Jika benar ini adalah sebuah upaya hukum yang jujur dan benar tanpa sebuah skenario rekayasa yang bersifat sentimentil kepada diri Juhaeni, kenapa Pelapor hanya melaporkan Juhaeni saja ?
Lalu apa istimewanya dihadapan hukum, terhadap sejumlah pihak yang seharusnya dilaporkan melakukan tindak pidana tapi tidak dilaporkan, seperti A. Sitti Fatimah A Rahim, H. Siddang, Andi Abd. Rasyid Mappagiling ( Suami daripada A.Sutti Fatimah ), dan kepada ahli waris yang menyetujui hibah mahar dimaksud, termasuk kepada Kepala Desa Paconne Khairuddin ?
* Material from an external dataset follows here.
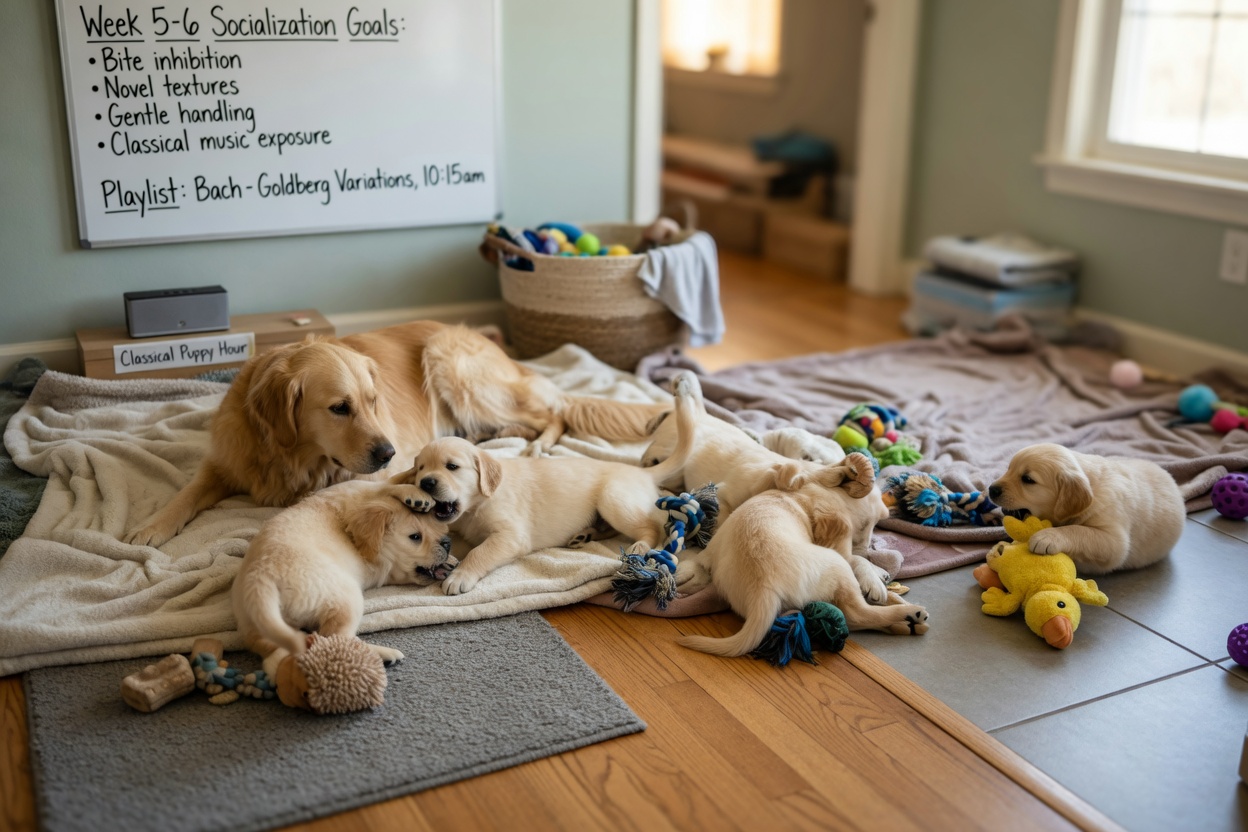 Mother dog nursing and playing with litter of young puppies on various textured surfaces during early socialization period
Berdasarkan pandangan hukum dari lama google menerangkan bahwa ;
Pembuat surat palsu tidak mungkin luput dari jerat hukum sementara pengguna yang tidak tahu-menahu justru diproses dan dihukum.
Pelaku utama, yaitu pembuat surat palsu, akan selalu dipertanggungjawabkan atas perbuatannya karena ia melakukan tindak pidana dengan unsur kesengajaan.
Berikut adalah penjelasan mengapa skenario tersebut mustahil terjadi menurut hukum di Indonesia:
Pidana untuk pembuat surat palsu
Berdasarkan Pasal 263 Kitab Undang-Undang Hukum Pidana (KUHP), pembuat surat palsu diancam pidana penjara paling lama enam tahun.
Pembuat surat palsu memiliki unsur kesengajaan atau niat jahat untuk membuat atau memalsukan surat agar terlihat seolah-olah isinya benar.
Pemalsuan surat adalah delik biasa, bukan delik aduan, sehingga kasusnya bisa diproses hukum tanpa perlu adanya laporan dari korban.
Pengguna surat palsu yang tidak tahu (tidak bersalah)
Seseorang yang menggunakan surat palsu tidak dapat dihukum jika ia tidak mengetahui bahwa surat tersebut palsu dan tidak ada niat untuk merugikan orang lain.
Pasal 263 ayat (2) KUHP memang menyatakan bahwa pengguna surat palsu bisa dipidana, tetapi hanya jika ia menggunakan surat tersebut dengan sengaja seolah-olah benar dan penggunaannya dapat menimbulkan kerugian.
Pihak yang tidak mengetahui adanya pemalsuan biasanya hanya menjadi korban. Jika ia kooperatif dalam proses hukum dan terbukti tidak memiliki niat jahat, ia tidak akan dijatuhi hukuman.
Penyelidikan dan proses hukum yang memastikan keadilan.
Dalam penyelidikan, aparat penegak hukum akan melacak siapa pembuat surat palsu tersebut. Kasus tidak akan berhenti pada pengguna, karena tindak pidana pokoknya adalah pemalsuan.
Jika ditemukan surat palsu, penyidik akan menelusuri bagaimana surat tersebut dibuat, siapa yang membuatnya, dan untuk tujuan apa.
Pengadilan juga akan menilai unsur kesengajaan dari setiap pihak yang terlibat. Sangat tidak mungkin pengadilan menjatuhkan vonis kepada pengguna yang tidak bersalah, sementara pembuatnya luput dari sanksi.